Complete step by step solution: 
Given that,
$y = \left[ {\dfrac{{\sin \left( {x + a} \right)}}{{\sin \left( {x + b} \right)}}} \right] - - - - - (1)$
Differentiate equation (1) with respect to $x$,
$\dfrac{{dy}}{{dx}} = \dfrac{{\left[ {\sin \left( {x + b} \right)\cos \left( {x + a} \right) - \sin \left( {x + a} \right)\cos \left( {x + b} \right)} \right]}}{{\left[ {{{\sin }^2}\left( {x + b} \right)} \right]}}$
$\dfrac{{dy}}{{dx}} = \dfrac{{\sin \left( {b - a} \right)}}{{{{\sin }^2}\left( {x + b} \right)}}$
For maximum and minimum values
$\dfrac{{dy}}{{dx}} = 0$
$\dfrac{{\sin \left( {b - a} \right)}}{{{{\sin }^2}\left( {x + b} \right)}} = 0$
$\sin \left( {b - a} \right) = 0$
Here, the value does not depend on $x$
It implies that $y$ is neither minima nor maxima at $x = 0$
Hence, Option (3) is the correct answer..

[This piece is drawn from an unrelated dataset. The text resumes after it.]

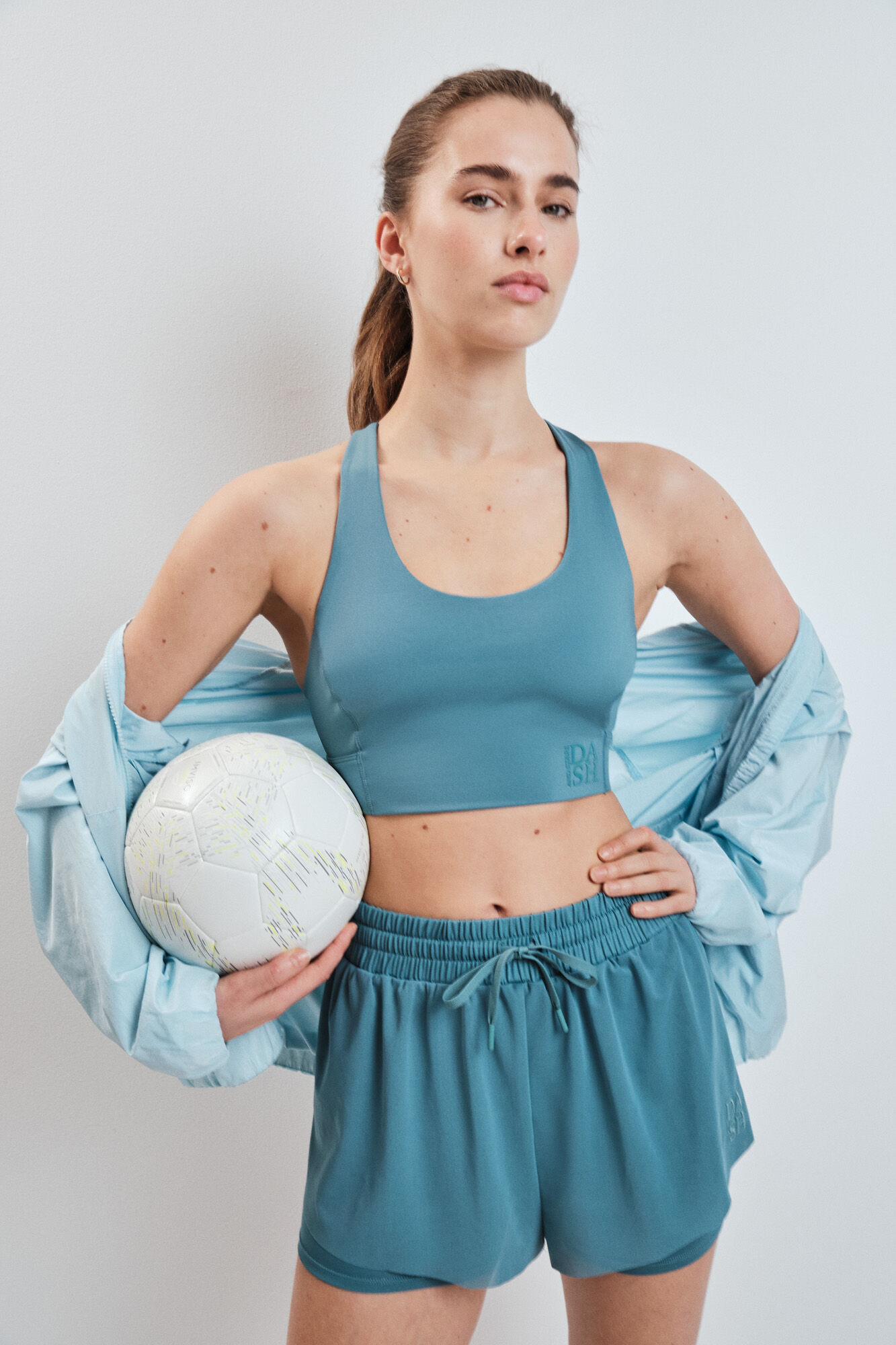 Dash and Stars Short ultra ligero de malla verde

Note: The key concept involved in solving this problem is the good knowledge of maxima and minima. Students must remember that maxima and minima are the highest and lowest values of a function within a given set of ranges. The maximum value of the function under the entire range is known as the absolute maxima, and the minimum value is known as the absolute minima.